Wednesday, July 09, 2014

The Big Defeat

Ouch! That smarts. Some days it is clear on the morning after that the team would have been better off to not show up for the game. Yesterday, one of the World Cup semifinals ended in humiliating defeat for the home team. Nebraska fans have suffered similar defeats in the past, as have most any team with passionate fans. The big defeat hurts in a way we may not be able to explain. After all, I or you was not the one out on the field when the team lost so badly. Why do we tend to take such defeats so personally? Well, it may be that we are bigger than ourselves. We vicariously become members of the team. After that, we are on for the long ride, sometimes of victory and other times we suffer the big defeat. Some teams have never won the big championship game. Others are doomed to a kind of forever mediocrity, but all teams have their fans along for the journey. Some fans are proud of their faithfulness to the team. Other fans are only there when the team does well. Then we have that other sort of team, you know, the one you are on now.

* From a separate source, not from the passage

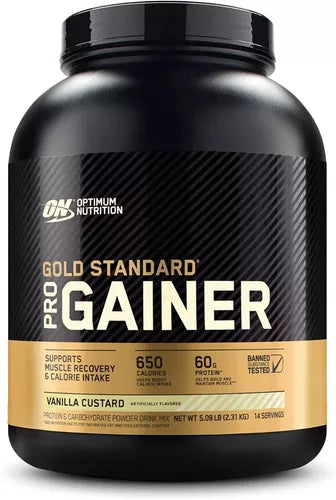 Optimum Nutrition Pro Gainer 5 Lbs Vainilla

The season is not over, yet the team owner said that he won the championship. Eh? Yes, we read the verse not very long ago, John 16:33. Jesus said, "...Be of good cheer, for I have overcome the world." Does the world look overcome to you and me? No, not when such terrible defeats come to us in this life. We pray for the company to do well, and it fails into bankruptcy. We pray for the young couple to have a long and happy marriage, and it falls apart in a bitter divorce. We thank God for the good job we have held for years, and then the company gives us the boot. We may watch a beloved parent fall into terrible illness from which he or she does not recover. Young men and women are lost to us in accidents, wars, or sometimes for seemingly no reason at all. Yet, Jesus said that He had overcome the world. How is this possible? What does our Lord see that we do not? Like maybe eternity, perhaps? However, Jesus did not say that He would overcome, He said, "I have overcome".

I wonder, maybe those things we see as defeats are in fact carefully managed trials like God did with Job. It may very well be that we are wrong when we think of some event or season as a loss, when in fact it was a mere training exercise for eternity with Christ.